Skelettfunde auf dem Neustädter Kirchplatz.

Bevor kommende Woche die neue Trafostation für den Neustädter Kirchplatz geliefert wird, konnten die Archäologen die Gelegenheit nutzen, nachdem beim Abräumen der Pflasterung erste Knochen sichtbar wurden. Unter der Leitung von Stadtarchäologen Markus Wehmer hat ein fünfköpfiges Team des Göttinger Archäologie-Unternehmens Streichardt & Wedekind eine etwa sechs mal zehn Meter große Fläche untersuchen können und dabei rund ein Dutzend Grabstellen mit ihren Knochenresten entdeckt. Die Skelett-Teile müsse zwar noch genauer anthropologisch untersucht werden, aber nach ersten Vermutungen wurden Beisetzungen aus den letzten Jahren des Friedhofs entdeckt. Zusammen mit weiteren Funden wie Münzen oder Sargnägeln und tieferen Untersuchungen können unter Umständen sogar die im Stadtarchiv erhaltenen Namenslisten des Neustädter Kirchspiels den Skeletten zugeordnet werden. Dabei sind die archäologischen Grabungen jetzt noch nicht die ohnehin geplanten vor einer Umgestaltung. Diese folgen erst noch in den nächsten Monaten.

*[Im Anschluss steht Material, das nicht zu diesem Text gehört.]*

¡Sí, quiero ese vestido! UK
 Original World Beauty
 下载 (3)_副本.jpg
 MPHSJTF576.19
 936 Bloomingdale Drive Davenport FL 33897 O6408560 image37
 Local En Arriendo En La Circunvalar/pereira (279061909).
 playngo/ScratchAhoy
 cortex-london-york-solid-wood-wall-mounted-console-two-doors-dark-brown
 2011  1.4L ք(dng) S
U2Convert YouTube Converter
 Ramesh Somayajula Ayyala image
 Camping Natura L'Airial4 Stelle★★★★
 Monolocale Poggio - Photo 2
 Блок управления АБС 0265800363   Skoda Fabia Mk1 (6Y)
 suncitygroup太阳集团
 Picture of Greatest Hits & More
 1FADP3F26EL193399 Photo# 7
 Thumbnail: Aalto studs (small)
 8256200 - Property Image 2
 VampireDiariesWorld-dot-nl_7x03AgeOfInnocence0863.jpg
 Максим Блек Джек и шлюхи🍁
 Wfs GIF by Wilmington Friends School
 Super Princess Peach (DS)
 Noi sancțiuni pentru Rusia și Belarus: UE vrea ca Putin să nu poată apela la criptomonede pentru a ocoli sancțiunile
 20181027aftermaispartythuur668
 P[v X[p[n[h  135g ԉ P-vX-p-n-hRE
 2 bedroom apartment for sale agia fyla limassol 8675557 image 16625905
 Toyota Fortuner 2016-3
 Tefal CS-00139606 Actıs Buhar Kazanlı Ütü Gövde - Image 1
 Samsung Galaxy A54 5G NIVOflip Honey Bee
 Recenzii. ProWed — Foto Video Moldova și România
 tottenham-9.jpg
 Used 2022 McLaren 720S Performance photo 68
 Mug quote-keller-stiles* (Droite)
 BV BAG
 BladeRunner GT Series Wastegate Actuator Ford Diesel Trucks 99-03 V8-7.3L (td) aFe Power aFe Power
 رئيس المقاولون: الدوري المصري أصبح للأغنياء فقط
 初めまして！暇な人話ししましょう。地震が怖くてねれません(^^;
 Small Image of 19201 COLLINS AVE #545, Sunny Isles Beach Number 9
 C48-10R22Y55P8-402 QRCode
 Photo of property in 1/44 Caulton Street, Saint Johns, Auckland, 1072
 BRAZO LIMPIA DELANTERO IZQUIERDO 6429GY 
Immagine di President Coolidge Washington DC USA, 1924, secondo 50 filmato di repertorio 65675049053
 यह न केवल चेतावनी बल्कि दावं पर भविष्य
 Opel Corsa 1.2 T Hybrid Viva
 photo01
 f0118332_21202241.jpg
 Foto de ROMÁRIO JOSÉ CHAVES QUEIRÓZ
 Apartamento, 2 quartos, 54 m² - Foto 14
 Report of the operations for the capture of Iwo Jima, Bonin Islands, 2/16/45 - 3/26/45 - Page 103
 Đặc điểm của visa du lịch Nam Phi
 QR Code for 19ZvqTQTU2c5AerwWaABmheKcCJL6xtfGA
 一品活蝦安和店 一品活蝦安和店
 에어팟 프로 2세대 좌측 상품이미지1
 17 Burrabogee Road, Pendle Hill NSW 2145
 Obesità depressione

Zuletzt hatte bei dem politisch hoch umstrittenen Projekt der Verwaltungsausschuss den 90.000-Euro-Auftrag für den Abriss des ehemaligen Gemeinde/Sparkassenhauses und der Waschbeton-Teile vergeben. Die SPD, bekanntlich Anhängerin einer kleinen Lösung, brandmarkte dieses als weitere Verschwendung von Steuergeldern und kritisierte die Bürgermeisterin. Nachdem ein Jahr lang nichts passiert sei, werde der Platz jetzt in eine Dauerbaustelle verwandelt, in der in den nächsten drei Jahren rund vier Millionen Euro vergraben werden, kritisieren die Sozialdemokraten in einer Pressemitteilung. Dabei hätte der Neustädter Kirchplatz bereits mit deutlich weniger Aufwand vernünftig hergerichtet werden können, meint die SPD-Fraktion.

Dort, wo die neue Trafostation gebaut wird, graben in dieser Woche Archäologen.

Eine aktuelle Planung liege bislang nicht vor und sei „nach aktuellen Auskünften auch auf absehbare Zeit nicht zu erwarten“, erklärte die SPD. Eine Sitzung des Bauausschusses, die für heute geplant war und ohne Angaben von Gründen ausgefallen ist, hätte das erhellen können.

Nachtrag 04.12.2019: Wie Bürgermeisterin Dr. Sabine Michalek heute im Stadtrat sagte, werde der Entwurf für die Gestaltung des Platzes derzeit hinsichtlich des neuen Pavillons überarbeitet. Die aktualisierte Planung soll im Bauausschuss dann am 25. Februar Thema sein. Die Abrissarbeiten am einstigen Gemeindehaus sollen spätestens am 16. Dezember beginnen. Zunächst werde das Gebäude entkernt, im Januar dann abgerissen.